Many “U.S. Persons” outside of the U.S. are aware of the Reed Amendment — an incoherent & unenforceable 1996 law which makes former U.S. citizens inadmissible to the U.S. if the Attorney General determines they renounced citizenship to avoid taxes — and Chuck Schumer (D-NY)’s attempt to make it worse in 2012 with the Ex-PATRIOT Act. But in the years between, there were nearly two dozen other attempts to pass a different law which also would have exiled former U.S. citizens:
Ineligibility for Visa or Admission To United States.—
(1) In general.— Section 212(a)(10)(E) of the Immigration and Nationality Act (8 U.S.C. 1182(a)(10)(E)) is amended to read as follows:
(E) Former citizens not in compliance with expatriation revenue provisions.— Any alien who is a former citizen of the United States who relinquishes United States citizenship (within the meaning of section 877A(e)(3) of the Internal Revenue Code of 1986) and who is determined by the Attorney General, after consultation with the Secretary of the Treasury, not to be in compliance with sections 877A and 2801 of such Code (relating to expatriation).

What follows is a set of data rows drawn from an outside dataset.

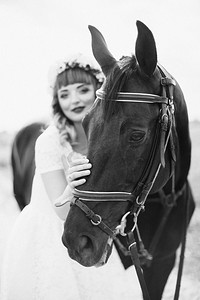 女孩红色的嘴唇在白色的裙子附近的一匹黑马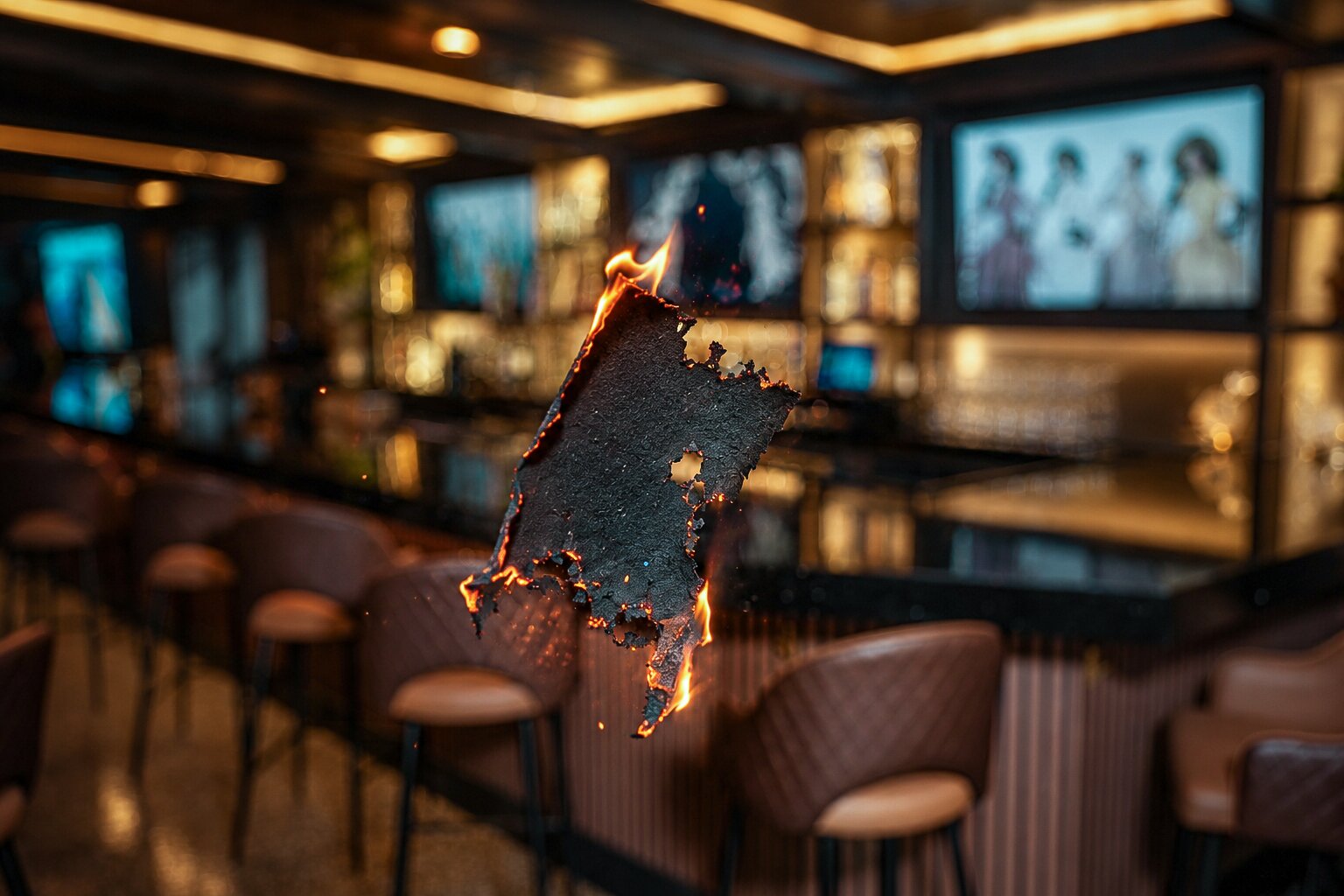 The Fuego bar aglow with warm light and signature fire branding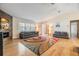 Bright and airy living room with vaulted ceilings, stylish furnishings, and a contemporary fireplace at 217 2Nd Sw St, Largo, FL 33770
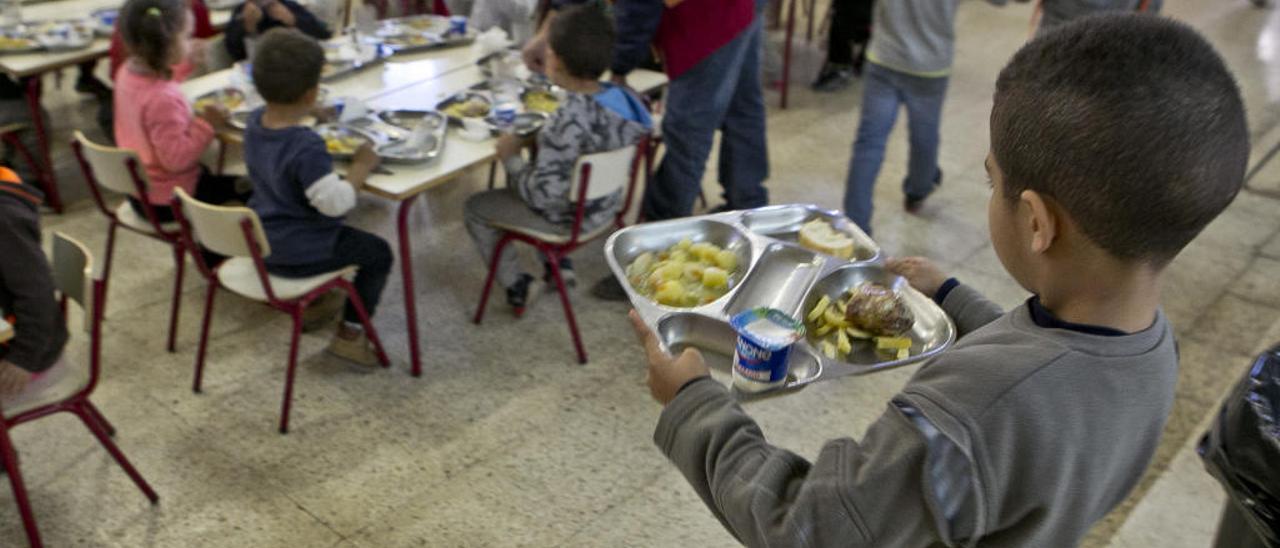Un alumno lleva su bandeja con el menú escolar a la mesa.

This provision appeared in something I’ll be referring to as the “Baucus Amendment”, after its author Senator Max Baucus. Another piece of the Baucus Amendment created the current 26 USC § 877A expatriation tax, which has been the subject of a great deal of popular and academic attention. But the above-quoted piece of the Baucus Amendment (which I hereby dub “Baucus’ Reed Amendment fix”) has no better-known name; as far as I can see, it’s generally gone unnoticed in the popular press and even tax scholarship (the only person I’ve seen mention it is Michael Kirsch, in his 2004 paper “Alternative Sanctions and the Federal Tax Law”).
Baucus is a Democrat from Montana; however, he wouldn’t have succeeded at getting this provision inserted into so many other bills without help from Republicans on the Senate Finance Committee, in particular Chuck Grassley (R-IA).